Among the records below, find each line containing the word "Light" and copy it.

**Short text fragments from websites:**
=== Section Start ===
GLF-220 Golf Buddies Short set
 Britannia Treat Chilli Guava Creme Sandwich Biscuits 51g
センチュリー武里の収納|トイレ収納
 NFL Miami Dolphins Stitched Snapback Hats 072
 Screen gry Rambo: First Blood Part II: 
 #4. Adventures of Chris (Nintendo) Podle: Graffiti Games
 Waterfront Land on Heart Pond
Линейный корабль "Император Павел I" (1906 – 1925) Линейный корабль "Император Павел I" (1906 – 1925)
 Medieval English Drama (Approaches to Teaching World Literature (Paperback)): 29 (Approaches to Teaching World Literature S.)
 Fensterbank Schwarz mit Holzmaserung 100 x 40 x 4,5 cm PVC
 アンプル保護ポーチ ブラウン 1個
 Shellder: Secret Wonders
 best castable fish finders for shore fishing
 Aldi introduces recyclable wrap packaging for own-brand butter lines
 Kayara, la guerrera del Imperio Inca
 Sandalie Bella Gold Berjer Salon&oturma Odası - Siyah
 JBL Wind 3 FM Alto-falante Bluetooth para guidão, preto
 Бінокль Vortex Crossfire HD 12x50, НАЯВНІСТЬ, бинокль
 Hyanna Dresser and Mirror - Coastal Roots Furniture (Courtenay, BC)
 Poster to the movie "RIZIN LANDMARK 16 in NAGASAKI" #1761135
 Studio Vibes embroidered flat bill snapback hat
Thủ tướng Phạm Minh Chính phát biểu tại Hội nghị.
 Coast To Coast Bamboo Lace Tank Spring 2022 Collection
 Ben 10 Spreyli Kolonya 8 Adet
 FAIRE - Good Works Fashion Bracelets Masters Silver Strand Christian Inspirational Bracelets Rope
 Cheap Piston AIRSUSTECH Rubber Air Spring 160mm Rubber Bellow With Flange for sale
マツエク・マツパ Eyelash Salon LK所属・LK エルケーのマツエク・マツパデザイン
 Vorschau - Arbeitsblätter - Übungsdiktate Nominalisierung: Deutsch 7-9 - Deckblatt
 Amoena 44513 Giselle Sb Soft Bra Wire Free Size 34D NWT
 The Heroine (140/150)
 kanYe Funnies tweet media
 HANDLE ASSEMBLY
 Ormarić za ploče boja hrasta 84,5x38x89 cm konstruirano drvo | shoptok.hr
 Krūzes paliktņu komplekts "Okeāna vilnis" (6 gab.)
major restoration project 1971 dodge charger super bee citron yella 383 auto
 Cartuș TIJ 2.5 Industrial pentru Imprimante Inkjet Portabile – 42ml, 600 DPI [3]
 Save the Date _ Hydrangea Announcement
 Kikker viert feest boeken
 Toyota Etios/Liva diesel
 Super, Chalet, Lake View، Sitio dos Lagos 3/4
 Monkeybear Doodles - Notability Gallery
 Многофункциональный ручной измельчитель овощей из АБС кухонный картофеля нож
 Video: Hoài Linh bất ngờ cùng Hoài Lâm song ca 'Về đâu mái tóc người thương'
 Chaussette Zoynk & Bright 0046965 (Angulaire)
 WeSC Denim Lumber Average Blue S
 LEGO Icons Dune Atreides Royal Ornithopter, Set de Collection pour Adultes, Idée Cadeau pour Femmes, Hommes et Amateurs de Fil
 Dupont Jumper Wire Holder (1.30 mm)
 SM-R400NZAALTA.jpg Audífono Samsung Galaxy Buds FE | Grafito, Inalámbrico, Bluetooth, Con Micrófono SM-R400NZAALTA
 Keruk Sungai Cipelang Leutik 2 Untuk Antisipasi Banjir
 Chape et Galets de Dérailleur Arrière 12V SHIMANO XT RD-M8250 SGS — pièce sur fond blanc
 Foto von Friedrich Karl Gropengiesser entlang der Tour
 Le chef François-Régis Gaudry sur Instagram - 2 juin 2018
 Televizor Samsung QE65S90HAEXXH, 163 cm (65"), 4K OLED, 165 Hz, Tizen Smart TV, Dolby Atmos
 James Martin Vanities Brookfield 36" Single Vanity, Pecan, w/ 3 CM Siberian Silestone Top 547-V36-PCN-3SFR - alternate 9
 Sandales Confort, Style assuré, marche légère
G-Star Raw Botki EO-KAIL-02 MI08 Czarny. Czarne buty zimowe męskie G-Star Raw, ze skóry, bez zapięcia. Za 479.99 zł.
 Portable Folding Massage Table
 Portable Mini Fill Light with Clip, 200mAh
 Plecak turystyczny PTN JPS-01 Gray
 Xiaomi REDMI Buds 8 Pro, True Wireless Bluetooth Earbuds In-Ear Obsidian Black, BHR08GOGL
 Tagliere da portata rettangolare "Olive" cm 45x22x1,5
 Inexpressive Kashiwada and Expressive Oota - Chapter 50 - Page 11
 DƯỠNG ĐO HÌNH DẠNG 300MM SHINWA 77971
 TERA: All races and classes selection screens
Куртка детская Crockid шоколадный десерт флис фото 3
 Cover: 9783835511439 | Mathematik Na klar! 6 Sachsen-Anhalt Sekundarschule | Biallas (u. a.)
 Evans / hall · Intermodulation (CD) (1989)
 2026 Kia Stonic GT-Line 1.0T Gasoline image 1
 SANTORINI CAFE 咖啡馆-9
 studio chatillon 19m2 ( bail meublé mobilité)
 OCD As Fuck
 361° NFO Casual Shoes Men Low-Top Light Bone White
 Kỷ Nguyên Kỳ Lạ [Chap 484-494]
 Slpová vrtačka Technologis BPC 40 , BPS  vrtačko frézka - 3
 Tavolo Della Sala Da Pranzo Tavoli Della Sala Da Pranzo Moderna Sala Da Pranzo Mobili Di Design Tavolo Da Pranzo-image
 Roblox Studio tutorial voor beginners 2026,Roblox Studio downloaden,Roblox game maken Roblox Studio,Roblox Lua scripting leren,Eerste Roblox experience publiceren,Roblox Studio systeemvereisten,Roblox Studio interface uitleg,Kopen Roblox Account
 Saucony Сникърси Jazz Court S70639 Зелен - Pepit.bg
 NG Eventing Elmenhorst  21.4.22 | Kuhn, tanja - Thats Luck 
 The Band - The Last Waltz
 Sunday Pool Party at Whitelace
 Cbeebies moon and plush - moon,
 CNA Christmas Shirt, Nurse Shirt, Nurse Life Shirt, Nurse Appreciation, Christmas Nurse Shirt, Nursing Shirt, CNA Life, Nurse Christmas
=== Section End ===
**YOUR SOLUTION:**
 Portable Mini Fill Light with Clip, 200mAh
 361° NFO Casual Shoes Men Low-Top Light Bone White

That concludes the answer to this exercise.